На самое почетное приглашение я даже не откликнулась. В 1968 году, сразу после Международного энтомологического конгресса меня пригласили занять кафедру генетики университета в Горьком. До 1948 года ее возглавлял Сергей Сергеевич Четвериков. Как случилось, что кафедра пустовала, не знаю, только я убоялась ее окружения. Дурная слава факультета гремела. Один заведующий кафедрой дарвинизма Мельниченко чего стоил! Те, кто изгнал Четверикова, продолжали вершить судьбы факультета. Я не стала подавать на конкурс.
Я была уже на пенсии, когда меня пригласили в Горький, но не для того, чтобы стать профессором его университета, а для участия в конференции памяти Четверикова. Ученики Четверикова — Астауров, Рокицкий, Никоро, Эфроимсон, Кирпичников — приурочили к конференции открытие памятника на могиле Сергея Сергеевича. Заправилы факультета все тут как тут. Не молчат — выступают. Эфроимсон слушал, стиснув зубы, как былые преследователи восхваляют научные заслуги своей жертвы. Четверть века назад они кормились его гибелью, теперь — его славой.
В самой большой аудитории университета перед многосотенным наплывом слушателей Борис Львович Астауров рассказал о трагической судьбе основателя новой отрасли науки — экспериментальной популяционной генетики. Блистательно выступал Эфроимсон. Доклад он посвятил популяционной генетике психических заболеваний.
Я говорила об изменении частоты возникновения мутаций в популяциях дрозофилы и человека. Я уже знала, что и у мух, и у человека частоты мутаций имеют волны, подъемы и спады этих волн имеют глобальный характер, и на гребне волны каждого периода мутации повсеместно одни и те же. Каждый подъем мутабильности индивидуален. Гребни волн выносят на поверхность мирового океана времени всякий раз новые мутации. Какое значение имеют эти подъемы и спады в появлении новшеств для преобразования вида в геологическом времени? Они — причина пульсаций эволюционного процесса. Благодаря им эволюция непредсказуема. Она непредсказуема и закономерна. Не только изобретательство инженера и технолога диктуют законы эволюции. Сам процесс наследственной изменчивости имеет свои законы. Эволюция — номогенез. Но она в то же время и неогенез — порождение нового. Будущее человечества непредсказуемо. Заботу о благе будущих поколений следует ограничить охраной природы. Охранять надо прежде всего природу самого человека. Посмотрите, что остается в веках незыблемо прекрасным, входит в сокровищницу мировой культуры. Создатели прекрасного творили для своих современников, и все последующие поколения наслаждаются их творениями. Рим, Ленинград, Рига, Флоренция...

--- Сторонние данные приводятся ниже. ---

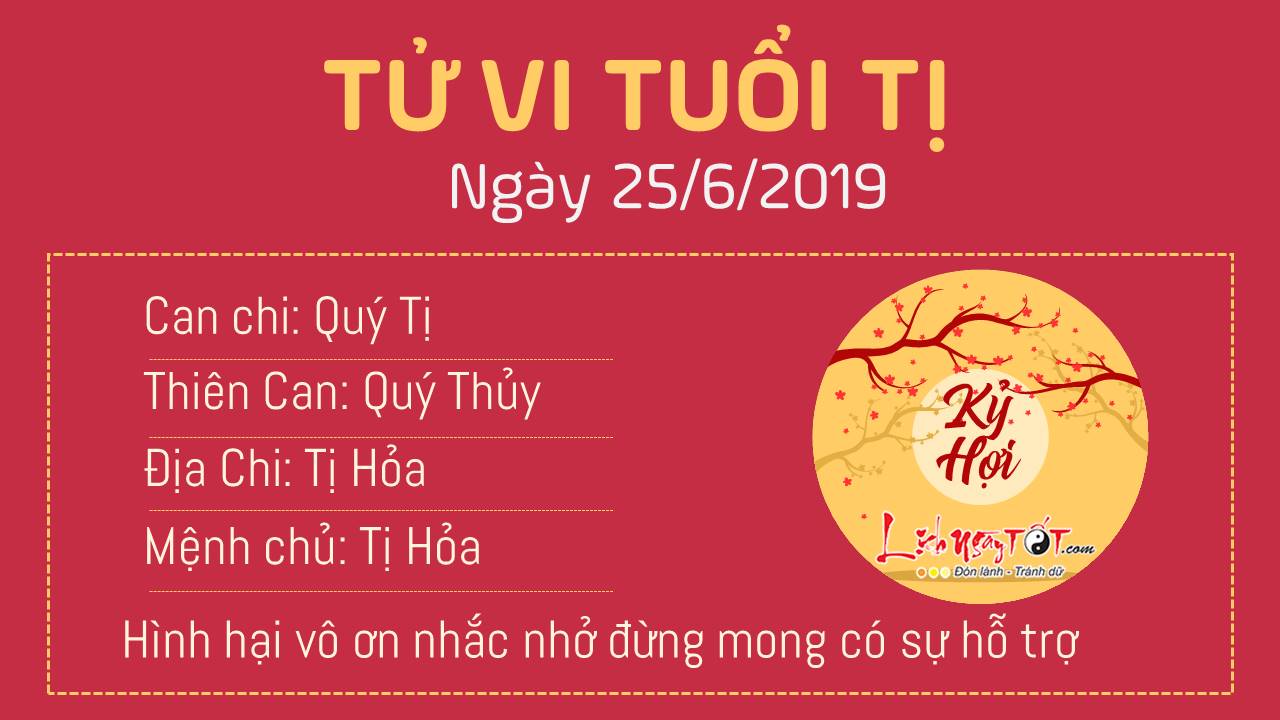 Tử vi thứ 3 ngày 25/6/2019 của 12 con giáp: Thìn thăng tiến, Thân gặp chuyện không may - 5 Tử vi thứ 3 ngày 25/6/2019 của 12 con giáp: Thìn thăng tiến, Thân gặp chuyện không may - 5
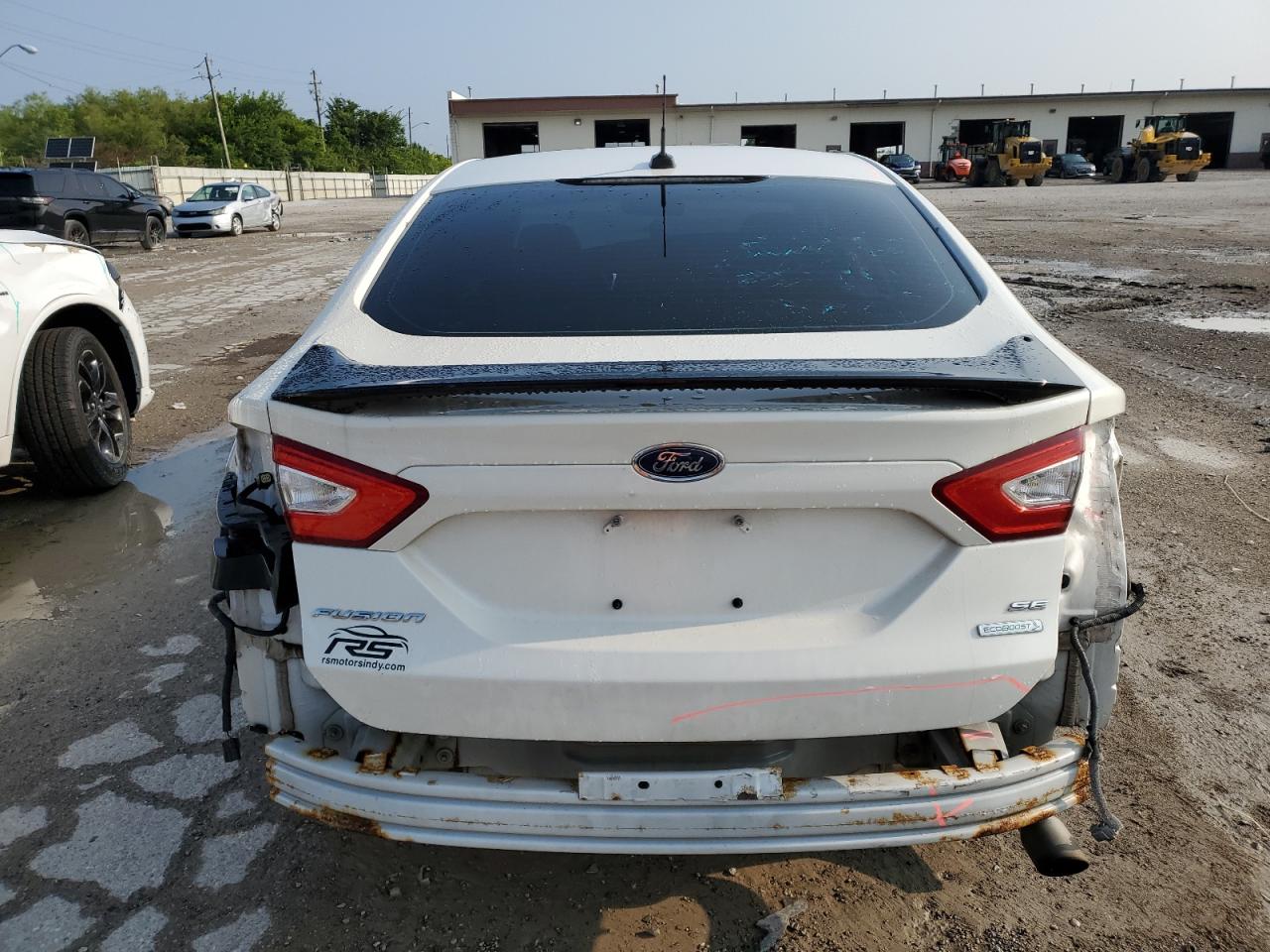2014 Ford Fusion Se VIN: 1FA6P0HD0E5352914 Lot: 64357714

«Гении, сидящие здесь в зале, — обращалась я к присутствующим, — не навязывайте будущим поколениям ваши этические и эстетические каноны, творите для нас — ваших современников, и мы, и будущие поколения будем благодарны вам. Мир прекрасен своим разнообразием. Будущее непредсказуемо». Я рассказала о неравномерности исторического процесса, о периодах ускорения и замедления, о глобальных независимых вспышках человеческой активности, о которых говорят Тейяр де Шарден и Гумилев. Сессия юбилейная — полемики не полагается. Я не слышала сама, мне рассказывали, что квадратнолицые заправилы факультета с возмущением говорили о моем докладе. «Попадись она нам, мы пообломали бы ей рога», — так звучала заочная научная полемика.
Я не попалась им. Глупа-глупа, но что ждет меня в Горьком, я предвидела отлично и в пекло не совалась.